[Scraped caption text data]

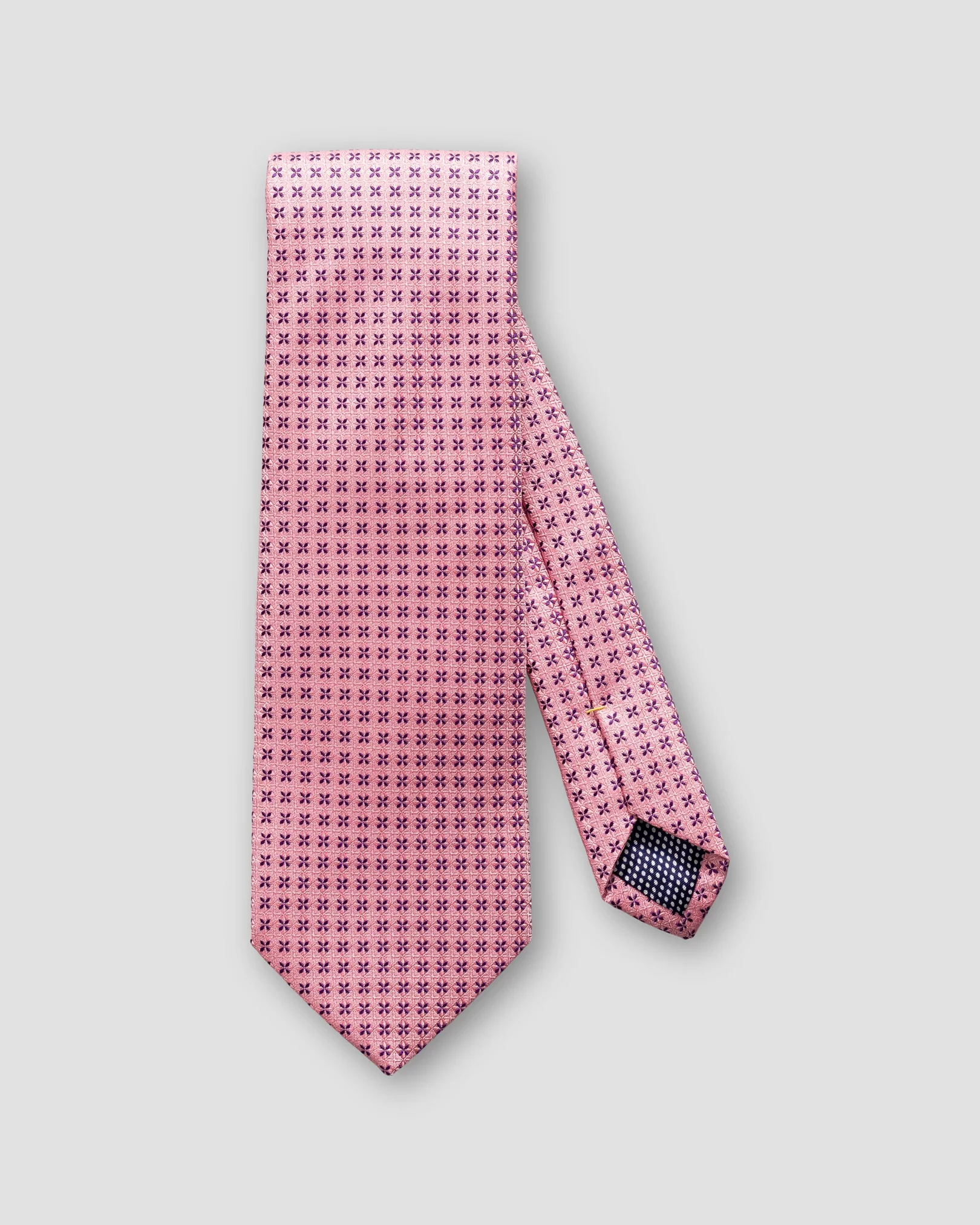 Eton - pink floral geometric tie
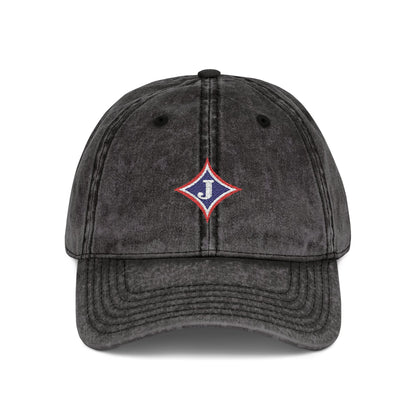 Jefferson J Diamond Vintage Embroidered Baseball Cap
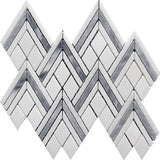 Apollo Tile Indigo White and Gray 9-in x 10-in Polished Natural Stone Marble Linear Patterned Floor and Wall Tile (2.99-sq. ft/ Carton)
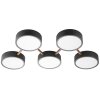 NOWA Diego plafón de techo LED redondo moderno de 5 focos para comedor y pasillo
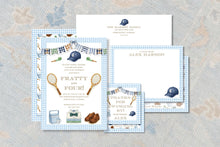 Load image into Gallery viewer, Fratty and Four Tennis Invitation | Preppy Boys 4th Birthday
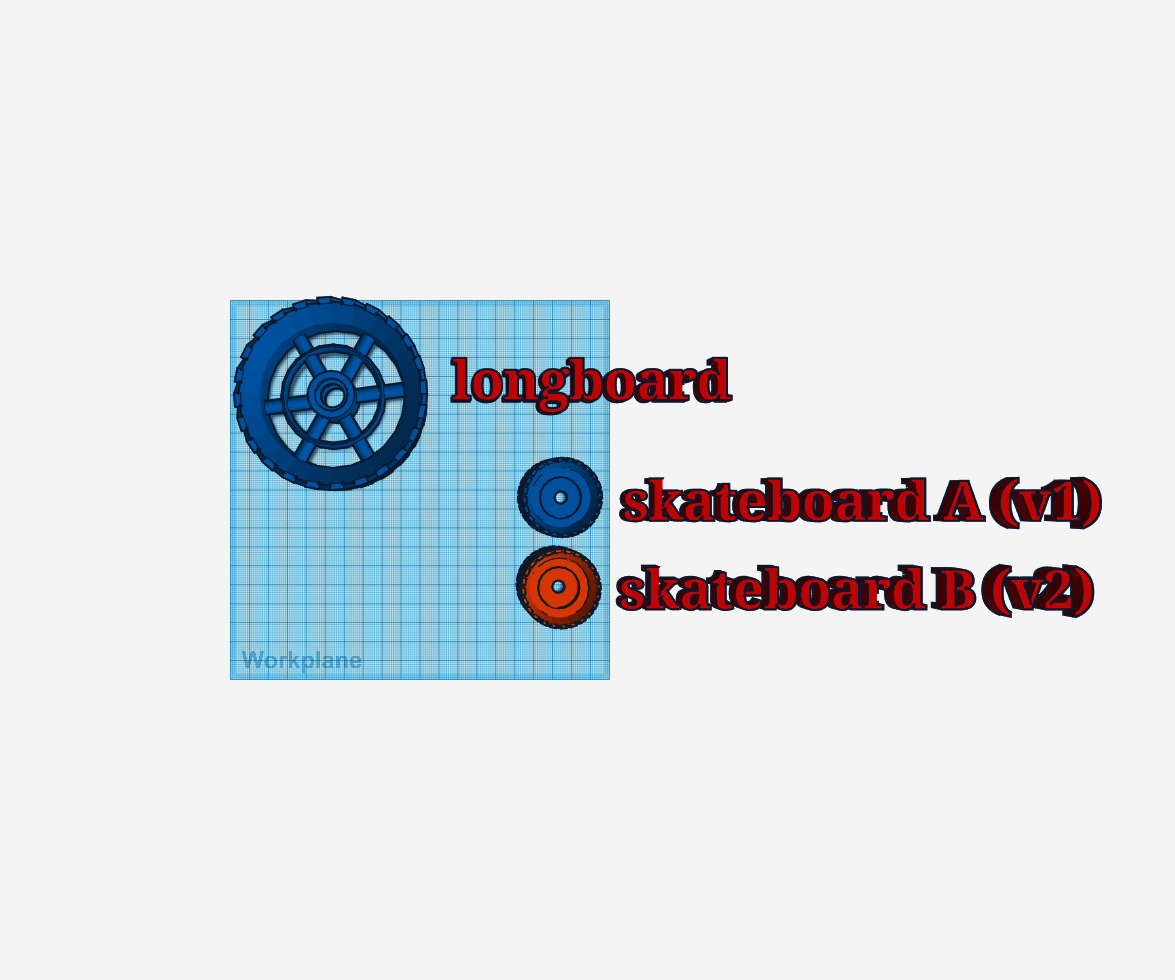 3D Printed Skateboard Wheels (or Longboard)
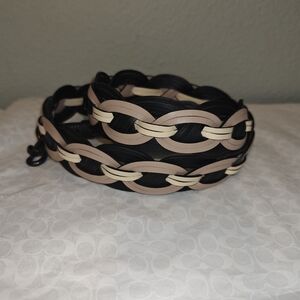 Coach Multicolor Woven Leather Novelty Strap For Crossbody Bag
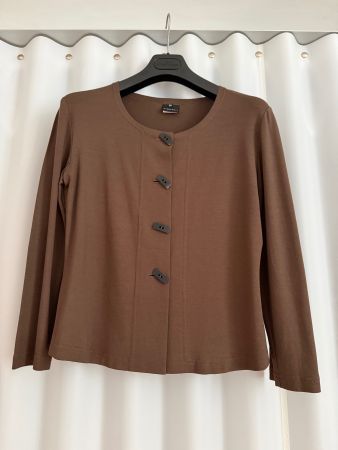 Eva Kyburz, Kurzjacke, braun, Gr. 36, neuwertig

- **Task statement**
Return every entry unchanged and skip the pictures.

- **Problem solution**
 Eton - pink floral geometric tie
 Jefferson J Diamond Vintage Embroidered Baseball Cap
 Apollo Tile Indigo White and Gray 9-in x 10-in Polished Natural Stone Marble Linear Patterned Floor and Wall Tile (2.99-sq. ft/ Carton)
 NOWA Diego plafón de techo LED redondo moderno de 5 focos para comedor y pasillo
 Load image into Gallery viewer, Fratty and Four Tennis Invitation | Preppy Boys 4th Birthday
 3D Printed Skateboard Wheels (or Longboard)
 Coach Multicolor Woven Leather Novelty Strap For Crossbody Bag
 Eva Kyburz, Kurzjacke, braun, Gr. 36, neuwertig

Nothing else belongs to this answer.